■ **Problem to work on**: Return all the lines below exactly. Any picture among them is omitted.

■ **Data excerpt**:
╭──
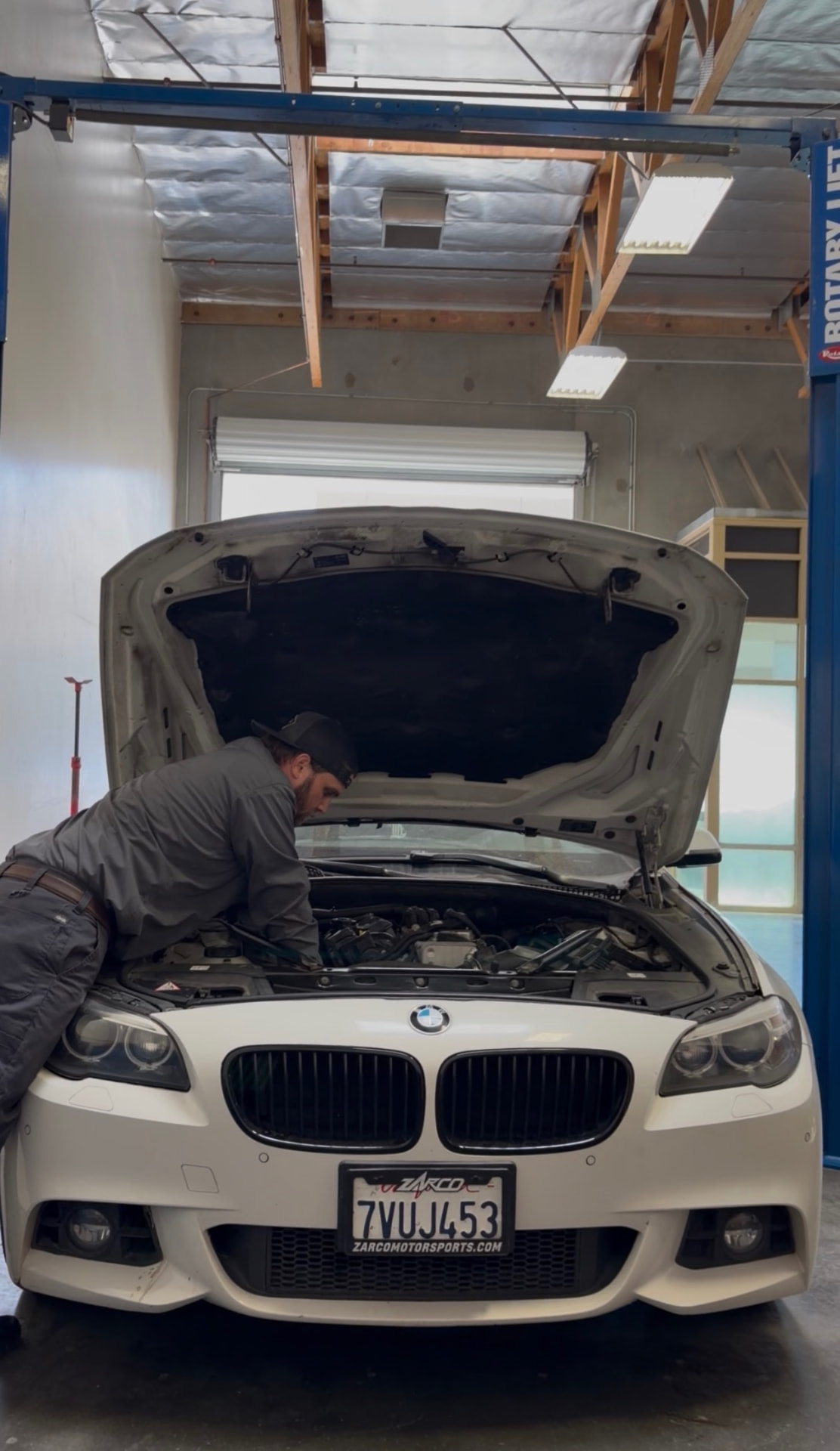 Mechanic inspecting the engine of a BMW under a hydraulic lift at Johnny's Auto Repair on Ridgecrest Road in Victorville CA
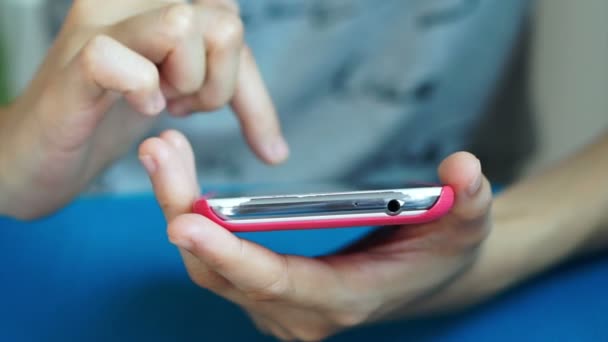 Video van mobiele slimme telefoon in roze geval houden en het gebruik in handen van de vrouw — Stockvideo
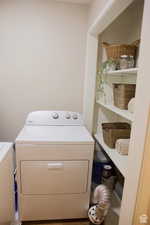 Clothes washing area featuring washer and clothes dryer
╰──
■ **Problem solution**:
 Mechanic inspecting the engine of a BMW under a hydraulic lift at Johnny's Auto Repair on Ridgecrest Road in Victorville CA
 Video van mobiele slimme telefoon in roze geval houden en het gebruik in handen van de vrouw — Stockvideo
 Clothes washing area featuring washer and clothes dryer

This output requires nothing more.